Using ERA5 reanalysis data with a spatial resolution of 9km x 9km, Barclays created a daily weather tracker based on four thresholds: over 1 inch of precipitation or snowfall, temperatures above 30°C or below 0°C.

These indicators were mapped to U.S. store locations and merged with same-store sales data from IBES. A two-way fixed effects regression model was used to isolate the impact of weather.

In the restaurant sector, each additional day of adverse weather was associated with a 6.61 basis point drop in same-store sales.

The negative effect was more pronounced in casual dining, which depends on discretionary, in-person traffic.

Quick-service restaurants, with broader geographic presence and drive-thru access, showed more resilience.

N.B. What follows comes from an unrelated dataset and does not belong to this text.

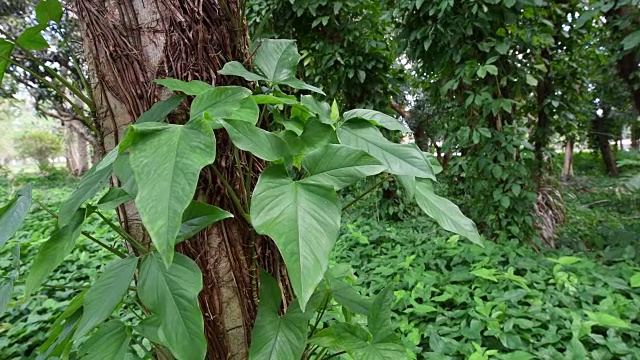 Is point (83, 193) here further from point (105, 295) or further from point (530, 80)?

By contrast, home improvement and auto parts retailers saw gains. For home improvement, each extra day of bad weather corresponded to a 16.34 basis point increase in comparable sales.

Auto parts retailers recorded a 10.85 basis point increase. Barclays attributed these results to consumer behavior such as storm preparation and post-weather repairs.

The study also assessed hurricane-related economic effects using a Single-Family Home Flood Indicator.

This index combines hurricane path and precipitation data from NOAA and ERA5 with U.S. Census housing data to estimate flood exposure.

Retailers typically see a pre-storm sales spike, a drop during the storm, and a recovery driven by home repairs.

For example, Hurricanes Helene and Milton in 2024 contributed a 50-100 basis point boost to quarterly same-store sales for Home Depot (NYSE:HD), Lowe's (NYSE:LOW), and Floor & Decor from Q3 2024 to Q1 2025.

Weather disruptions also affect heavy industry. Barclays tracked 360 cement plants in the Americas and Europe, using ERA5 data to identify extreme temperature days, defined as deviations beyond two standard deviations from a 60-day average.

A higher number of such days was linked to lower year-over-year sales growth.

The analysis shows that when disruptions were low, companies typically posted positive sales growth; when disruptions rose, growth shifted toward negative territory.